── DATASET RECORDS

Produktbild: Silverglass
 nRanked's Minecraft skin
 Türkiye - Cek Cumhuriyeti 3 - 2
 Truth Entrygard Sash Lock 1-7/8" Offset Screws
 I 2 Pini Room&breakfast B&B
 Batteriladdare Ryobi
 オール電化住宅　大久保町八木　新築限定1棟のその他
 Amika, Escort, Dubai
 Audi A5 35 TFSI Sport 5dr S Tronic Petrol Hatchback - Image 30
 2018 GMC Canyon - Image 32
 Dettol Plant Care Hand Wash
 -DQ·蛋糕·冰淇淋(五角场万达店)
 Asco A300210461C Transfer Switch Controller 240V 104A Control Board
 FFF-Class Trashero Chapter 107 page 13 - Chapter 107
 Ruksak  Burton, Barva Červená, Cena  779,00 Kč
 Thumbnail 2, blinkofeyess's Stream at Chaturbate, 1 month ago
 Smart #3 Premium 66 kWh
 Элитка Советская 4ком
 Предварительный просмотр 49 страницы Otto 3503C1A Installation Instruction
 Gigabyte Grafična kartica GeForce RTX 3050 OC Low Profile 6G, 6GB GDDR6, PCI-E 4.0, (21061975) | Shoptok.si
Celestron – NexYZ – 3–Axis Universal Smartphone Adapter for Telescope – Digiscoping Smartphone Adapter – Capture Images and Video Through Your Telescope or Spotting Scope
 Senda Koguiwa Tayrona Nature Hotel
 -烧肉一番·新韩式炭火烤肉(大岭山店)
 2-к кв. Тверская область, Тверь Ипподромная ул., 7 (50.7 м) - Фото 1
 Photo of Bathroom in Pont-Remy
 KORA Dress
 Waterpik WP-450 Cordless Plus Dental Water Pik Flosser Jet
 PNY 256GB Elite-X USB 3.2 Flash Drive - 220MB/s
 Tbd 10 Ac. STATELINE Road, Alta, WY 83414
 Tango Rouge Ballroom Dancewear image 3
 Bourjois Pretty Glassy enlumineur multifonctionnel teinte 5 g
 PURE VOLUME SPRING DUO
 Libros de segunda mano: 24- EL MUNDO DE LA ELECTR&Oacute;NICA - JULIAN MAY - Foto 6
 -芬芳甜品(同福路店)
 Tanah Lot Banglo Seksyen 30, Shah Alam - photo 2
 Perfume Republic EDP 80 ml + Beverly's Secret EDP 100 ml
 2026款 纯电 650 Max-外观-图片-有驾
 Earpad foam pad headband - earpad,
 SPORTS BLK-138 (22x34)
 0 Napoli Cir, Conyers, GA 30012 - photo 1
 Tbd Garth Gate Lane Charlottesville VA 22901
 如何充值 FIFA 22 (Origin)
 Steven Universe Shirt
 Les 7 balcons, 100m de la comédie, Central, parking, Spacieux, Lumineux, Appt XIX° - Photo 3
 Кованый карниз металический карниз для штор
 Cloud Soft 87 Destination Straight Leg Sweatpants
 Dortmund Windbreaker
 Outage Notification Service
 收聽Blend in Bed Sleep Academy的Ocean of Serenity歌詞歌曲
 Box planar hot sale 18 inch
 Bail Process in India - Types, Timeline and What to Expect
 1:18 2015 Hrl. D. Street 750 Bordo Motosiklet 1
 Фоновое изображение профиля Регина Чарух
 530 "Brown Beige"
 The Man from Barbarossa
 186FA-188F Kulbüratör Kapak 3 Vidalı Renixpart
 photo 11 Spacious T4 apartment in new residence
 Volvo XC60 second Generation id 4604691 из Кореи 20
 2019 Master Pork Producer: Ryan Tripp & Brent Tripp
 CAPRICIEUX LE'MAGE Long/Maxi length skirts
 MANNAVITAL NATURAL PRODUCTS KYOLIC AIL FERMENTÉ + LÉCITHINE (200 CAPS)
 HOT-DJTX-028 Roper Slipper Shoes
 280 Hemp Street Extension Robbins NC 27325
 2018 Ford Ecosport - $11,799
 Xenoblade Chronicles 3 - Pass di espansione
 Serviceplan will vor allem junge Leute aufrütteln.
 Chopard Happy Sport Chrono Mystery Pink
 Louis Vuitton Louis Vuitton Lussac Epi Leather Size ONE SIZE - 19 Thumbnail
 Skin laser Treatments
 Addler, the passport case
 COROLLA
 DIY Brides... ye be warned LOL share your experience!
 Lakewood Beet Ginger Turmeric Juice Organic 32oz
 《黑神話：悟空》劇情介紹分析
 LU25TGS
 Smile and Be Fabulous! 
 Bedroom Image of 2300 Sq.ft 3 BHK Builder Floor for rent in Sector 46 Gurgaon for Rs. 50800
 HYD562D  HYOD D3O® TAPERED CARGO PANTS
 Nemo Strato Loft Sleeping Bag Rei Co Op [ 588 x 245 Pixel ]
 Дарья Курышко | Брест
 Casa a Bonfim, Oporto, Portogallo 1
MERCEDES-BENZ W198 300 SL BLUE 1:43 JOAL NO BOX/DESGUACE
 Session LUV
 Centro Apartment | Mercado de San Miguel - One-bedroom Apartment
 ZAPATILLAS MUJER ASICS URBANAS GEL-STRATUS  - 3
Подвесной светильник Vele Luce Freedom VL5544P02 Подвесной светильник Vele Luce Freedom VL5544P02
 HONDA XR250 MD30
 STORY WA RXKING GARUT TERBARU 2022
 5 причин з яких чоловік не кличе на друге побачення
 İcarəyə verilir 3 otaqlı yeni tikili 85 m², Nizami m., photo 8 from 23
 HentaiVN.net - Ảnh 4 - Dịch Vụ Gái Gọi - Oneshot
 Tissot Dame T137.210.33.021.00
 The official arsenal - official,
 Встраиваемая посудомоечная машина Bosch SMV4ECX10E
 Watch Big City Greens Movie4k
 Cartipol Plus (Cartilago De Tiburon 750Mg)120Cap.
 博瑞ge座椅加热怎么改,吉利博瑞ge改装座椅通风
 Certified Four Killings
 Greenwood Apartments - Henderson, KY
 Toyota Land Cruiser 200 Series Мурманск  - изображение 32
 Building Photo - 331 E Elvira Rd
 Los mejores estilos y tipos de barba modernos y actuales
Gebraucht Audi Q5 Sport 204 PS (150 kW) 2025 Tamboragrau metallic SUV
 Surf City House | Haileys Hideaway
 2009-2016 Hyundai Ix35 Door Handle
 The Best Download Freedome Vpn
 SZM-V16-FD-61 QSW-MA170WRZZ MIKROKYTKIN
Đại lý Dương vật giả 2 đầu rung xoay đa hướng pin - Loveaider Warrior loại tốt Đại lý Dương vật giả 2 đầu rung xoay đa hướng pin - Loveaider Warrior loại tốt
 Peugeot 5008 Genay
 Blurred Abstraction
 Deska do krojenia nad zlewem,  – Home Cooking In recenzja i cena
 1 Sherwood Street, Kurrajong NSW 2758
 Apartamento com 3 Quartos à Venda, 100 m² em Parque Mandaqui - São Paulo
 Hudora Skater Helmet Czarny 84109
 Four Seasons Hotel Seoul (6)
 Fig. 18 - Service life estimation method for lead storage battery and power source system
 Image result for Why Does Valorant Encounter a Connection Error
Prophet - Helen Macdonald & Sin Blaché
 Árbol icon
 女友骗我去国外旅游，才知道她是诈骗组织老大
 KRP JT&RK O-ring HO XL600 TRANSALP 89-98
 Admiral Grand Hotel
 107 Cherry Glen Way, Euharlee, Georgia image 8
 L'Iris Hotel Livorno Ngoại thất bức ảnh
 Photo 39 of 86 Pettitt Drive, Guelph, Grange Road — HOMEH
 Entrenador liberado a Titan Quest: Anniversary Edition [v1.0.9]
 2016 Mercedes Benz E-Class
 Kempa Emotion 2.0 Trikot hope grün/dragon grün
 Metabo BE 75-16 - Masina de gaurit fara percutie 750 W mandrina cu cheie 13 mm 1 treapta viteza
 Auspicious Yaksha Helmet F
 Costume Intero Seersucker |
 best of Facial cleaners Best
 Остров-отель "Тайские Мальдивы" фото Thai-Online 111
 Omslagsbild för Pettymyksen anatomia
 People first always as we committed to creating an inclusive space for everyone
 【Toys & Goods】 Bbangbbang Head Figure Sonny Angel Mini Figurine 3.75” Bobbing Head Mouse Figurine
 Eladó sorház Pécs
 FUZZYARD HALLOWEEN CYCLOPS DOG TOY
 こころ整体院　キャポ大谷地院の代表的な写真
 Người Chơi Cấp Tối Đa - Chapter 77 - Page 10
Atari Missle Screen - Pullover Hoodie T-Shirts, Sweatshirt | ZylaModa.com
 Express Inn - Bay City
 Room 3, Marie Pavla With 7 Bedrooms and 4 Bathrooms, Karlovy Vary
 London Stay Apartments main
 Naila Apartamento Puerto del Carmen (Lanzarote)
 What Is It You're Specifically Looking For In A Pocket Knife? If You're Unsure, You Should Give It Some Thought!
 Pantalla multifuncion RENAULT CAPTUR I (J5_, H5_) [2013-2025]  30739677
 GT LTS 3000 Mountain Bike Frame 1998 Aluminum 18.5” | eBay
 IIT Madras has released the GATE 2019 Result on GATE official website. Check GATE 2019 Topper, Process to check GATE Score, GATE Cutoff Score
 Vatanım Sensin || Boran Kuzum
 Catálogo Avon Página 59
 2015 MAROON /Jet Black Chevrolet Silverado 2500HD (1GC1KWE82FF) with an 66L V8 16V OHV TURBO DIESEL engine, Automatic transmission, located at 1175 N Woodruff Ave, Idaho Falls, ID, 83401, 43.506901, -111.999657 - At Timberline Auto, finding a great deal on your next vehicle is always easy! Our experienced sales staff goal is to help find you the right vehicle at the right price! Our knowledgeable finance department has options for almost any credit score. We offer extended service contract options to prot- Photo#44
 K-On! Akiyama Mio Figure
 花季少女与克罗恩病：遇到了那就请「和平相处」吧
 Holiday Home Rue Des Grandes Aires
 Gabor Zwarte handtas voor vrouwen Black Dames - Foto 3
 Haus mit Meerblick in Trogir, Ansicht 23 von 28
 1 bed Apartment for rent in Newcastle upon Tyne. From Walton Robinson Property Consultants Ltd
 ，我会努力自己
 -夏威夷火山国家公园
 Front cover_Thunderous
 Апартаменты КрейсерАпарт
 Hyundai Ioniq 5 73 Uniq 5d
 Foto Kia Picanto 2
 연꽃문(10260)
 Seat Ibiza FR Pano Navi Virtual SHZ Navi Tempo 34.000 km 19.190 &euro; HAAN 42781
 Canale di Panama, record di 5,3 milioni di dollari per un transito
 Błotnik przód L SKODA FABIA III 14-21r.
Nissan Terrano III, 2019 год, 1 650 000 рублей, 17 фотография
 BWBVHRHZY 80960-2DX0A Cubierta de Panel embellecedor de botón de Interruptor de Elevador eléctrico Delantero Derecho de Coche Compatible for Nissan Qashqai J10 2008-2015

────

When a line in the data holds the word "What", show that line.

* _OUTPUT OF THE EXERCISE_
 Bail Process in India - Types, Timeline and What to Expect
 What Is It You're Specifically Looking For In A Pocket Knife? If You're Unsure, You Should Give It Some Thought!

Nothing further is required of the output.